Language detection changes

Historically, when trying to identify the language of a given blog post, we have only been looking at the post’s raw text, i.e. the post’s body text, stripped from HTML. In general this works very well, given that the body text is “long enough”.

However, we have noticed that some bloggers tend to write very little in the actual blog post. For example, the post’s body text may only consist of a single word and a bunch of images. Even against all odds we still attempted to identify the language for such posts, with varying outcome.

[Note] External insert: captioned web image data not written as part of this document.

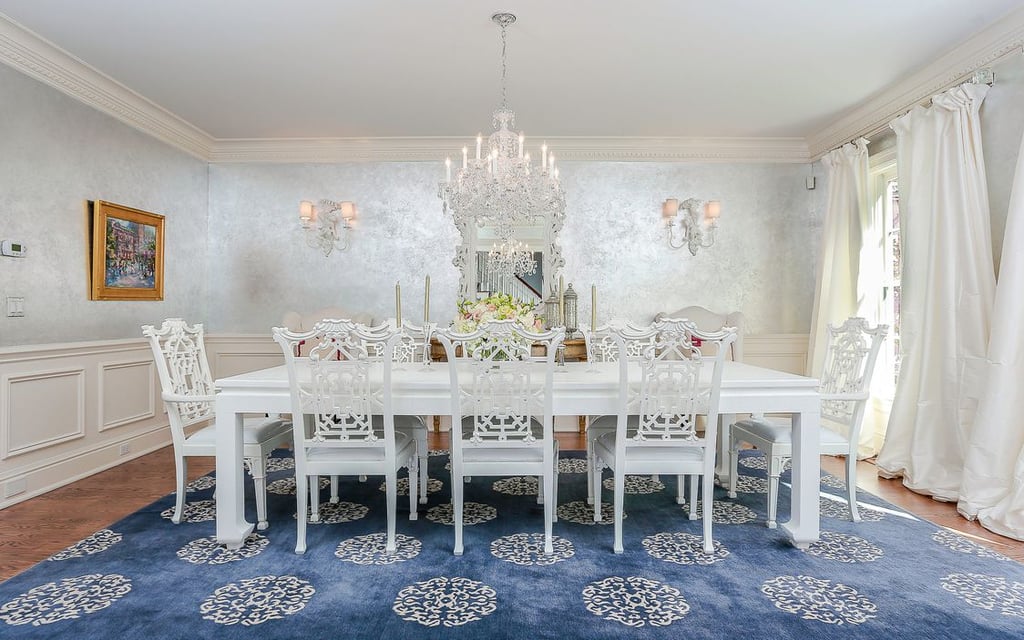 The dining room makes a big statement with metallic walls and a glamorous crystal light fixture.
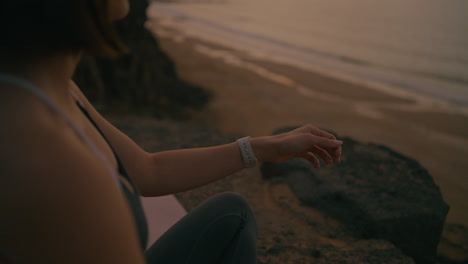woman checking smartwatch on the beach at sunset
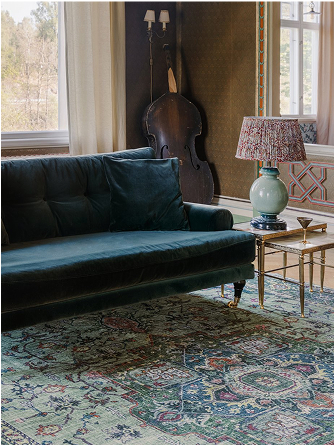 Green oriental rug in a living room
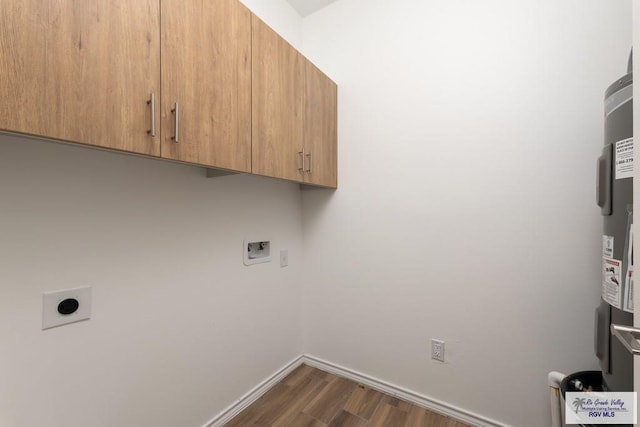 washroom featuring hookup for an electric dryer, dark hardwood / wood-style flooring, cabinets, and washer hookup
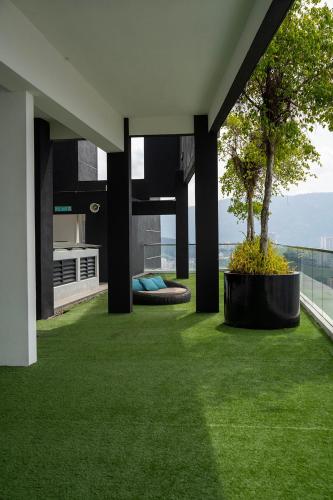 an outdoor area with green grass and a tree at Seaview Urban suites Georgetown @Penang in Jelutong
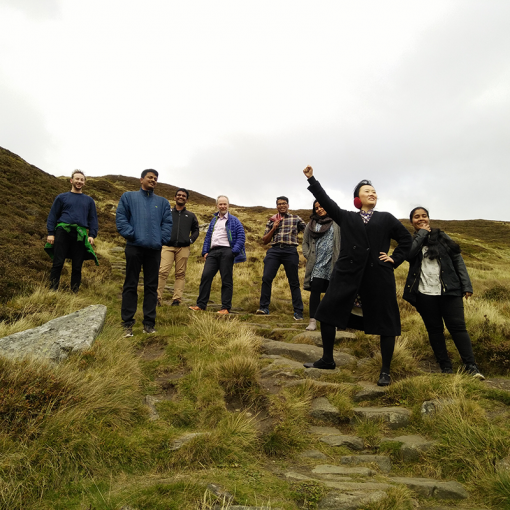 INSPIRED-GoDARTS 20th Anniversary-Post Doc Yu Huang strikes a pose half way up Ben Vrackie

In order to somewhat increase the accuracy of our language identification we have, effectively yesterday, decided to include the post’s title when identifying the language, provided that the title is not the same as the body text. Naturally, if the title is short, or non-existent, this will likely not improve on the situation at all, but in those cases when the title is at least a few words we should expect to see more reliable results.

The language improvements apply to Twingly Search API, Twingly LiveFeed API and our public search.

Market on the Mekong river

Nothing is for free though. We have noticed, since the change, that some Tumblr blogs use a certain title1 and omits body texts. Leaving us with only the title for identification (in our old algorithm these posts would not have been identified at all!2). This has caused an interesting eight-fold increase in identification of Vietnamese posts. We are hoping to be able to address this peculiarity promptly.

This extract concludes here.